まちの記憶

 先日、旧友に5.6年ぶりに再会した。地元で再会したのだが、彼女は現在、東京在住。多くの人がそうであるように、彼女もまた、職等を求め、この地から都市部へと移住した一人。久しぶりに訪れた、この街が、どんどん廃れていくことに切なく感じているようだ。自分が育った土地、空気、そういったものは人の形成にも何らかの影響はあると思う。自分自身を顧みてもそれは強く感じる。この土地は、明治、大正時代に建てられた古い建造物、旧家、蔵等の趣のある町並みで有名なまち。そうしたものが、まだ若かった自分にとっては当たり前に存在する光景であったが、この地を一度離れて、はじめて、そうした街の魅力が分かった気がする。何より自分の中が、それを土地を空気を欲することに気がついた。
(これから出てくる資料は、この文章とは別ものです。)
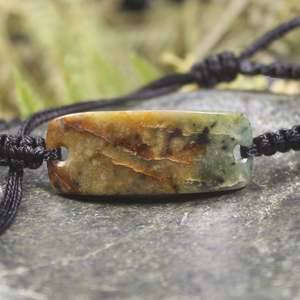 NZ Greenstone Adjustable Cord Bracelet (BP959) Flower Jade Pounamu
 この街の財産というのは、歴史的建造物である。というのは市役所ばかりでなく、一般の市民も多く口にしている「ことば」
だが、現実には、多くの古い家、建物が壊され始めている。実際には維持費の問題等、切実なものが関係していると思われるが、次々と壊されていく光景は、本当に寂しい。過去の街の記憶はわたし達の中に記憶されているが、建物が壊され、野ざらしとなった、この地に「まちの記憶」は宿っているのであろうか?